Los best-selleristas

0
80

Siempre que veo a un autor de best-seller en cualquier medio me pregunto cómo fueron sus comienzos. Es lo único que me atrae de estos autores de éxito porque, algún comienzo debieron tener. Por citar alguno, me gustó el de J.K. Rowing que, según contó en su día, escribió la primera entrega de Harry Potter en un bar, en su casa no tenía calefacción, mientras su hijo dormía en el cochecito a su lado. Ahora es más rica que la reina de Inglaterra, pero no importa. Te alegras lo mismo que si el premio gordo de la lotería le toca alguien muy pobre.

Confieso que no soy lectora de best-seller, no me gusta que me creen expectativas que me hacen, si leo alguno, quedar insatisfecha, además de no disfrutar de su lectura al buscar, mientras leo, aciertos que justifiquen su éxito.

Tampoco me gusta que un autor de éxito, si de verdad es escritor, no experimente con la literatura y se reinvente, en vez de adoptar siempre la misma fórmula para aumentar su fortuna y la de las multinacionales. Ken Follet dice en una entrevista que empezó a escribir para poder reparar su coche. Al mismo tiempo, se jacta de que sus agentes ya han negociado en Francfort los adelantos de los tres libros que escribirá de aquí a siete años.

No sé si la explicación de estos comienzos es un marketing más, que ha hecho que muchas personas se lancen a escribir, o es verdad. De todos modos, pienso que de alguna circunstancia debieron partir y darse a conocer.

También creo que algo genial deben poseer estos escritores, no sé si porque la Rowling ha dirigido su escritura a la poderosa imaginación de los niños o porque veo como engancha en niños y en menos niños. Como la escena que presencié hace unos días.

Estaba sentada, descansando mis pies después de una prolongada visita al museo del Prado, en un banco de los jardines y, a la altura de mi mirada, veo venir hacia mí un pantalón con la cremallera abierta. No, no piensen mal, por favor. Levanté la cabeza y pude contemplar a una mujer alta, metidita en carnes que iba caminando y leyendo al mismo tiempo el último ejemplar de Harry Potter.
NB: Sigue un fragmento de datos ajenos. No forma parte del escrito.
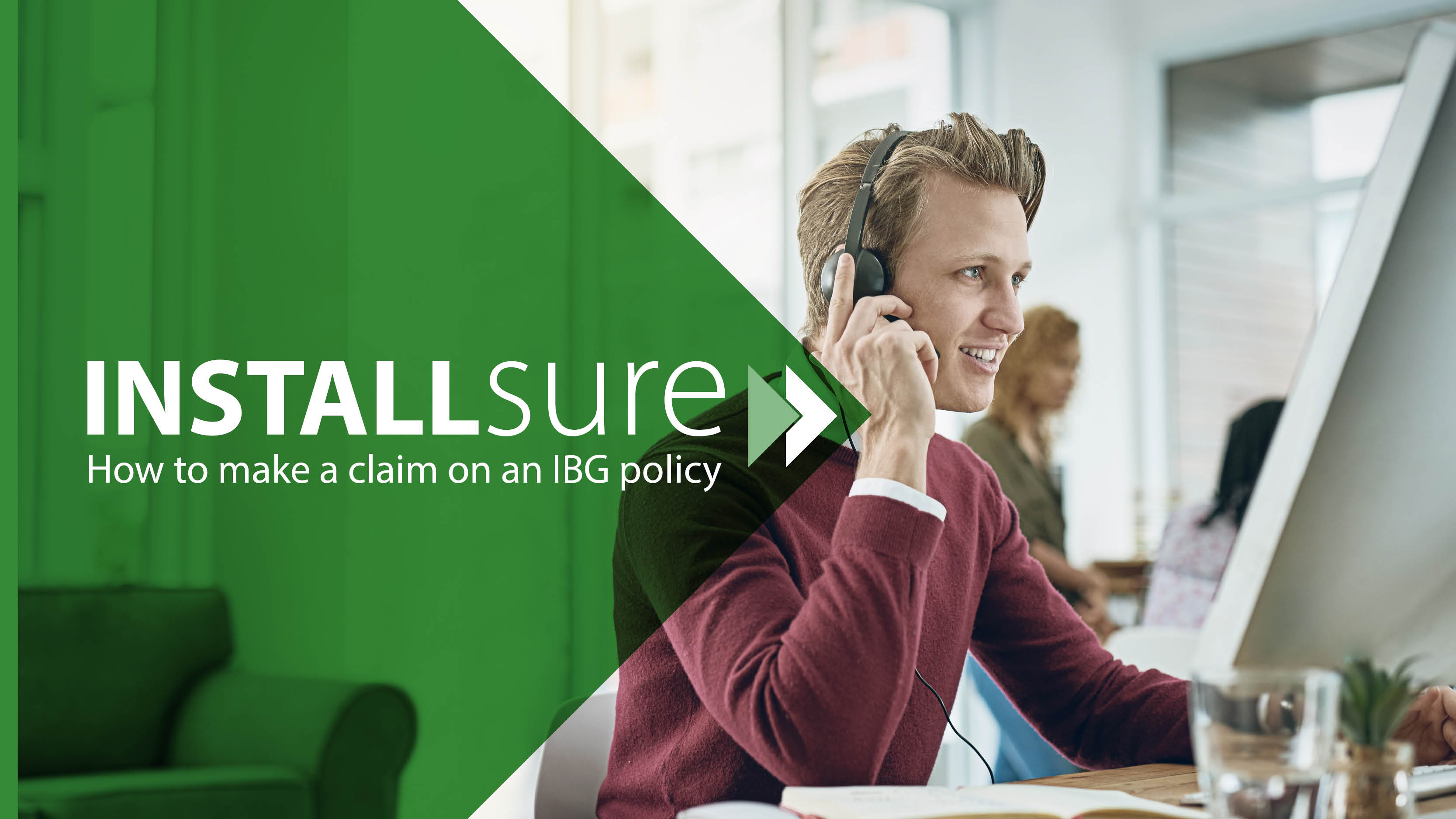 How to make a claim on an Installsure IBG policy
Le hice señas, se subió la cremallera, pero no pude resistir darme la vuelta en mi asiento para observar si lo próximo, debido a su ensimismamiento, sería chocarse con una estatua de hierro de Igor Mitoraj que esos días poblaban todo el paseo.

No es mi intención con este post ofender lo más mínimo a quien sea devoto de esta literatura. Muy al contrario, pido por favor que me saquen de mi ignorancia porque, es el único caso en el que no me apetece conquistar la lectura de un libro.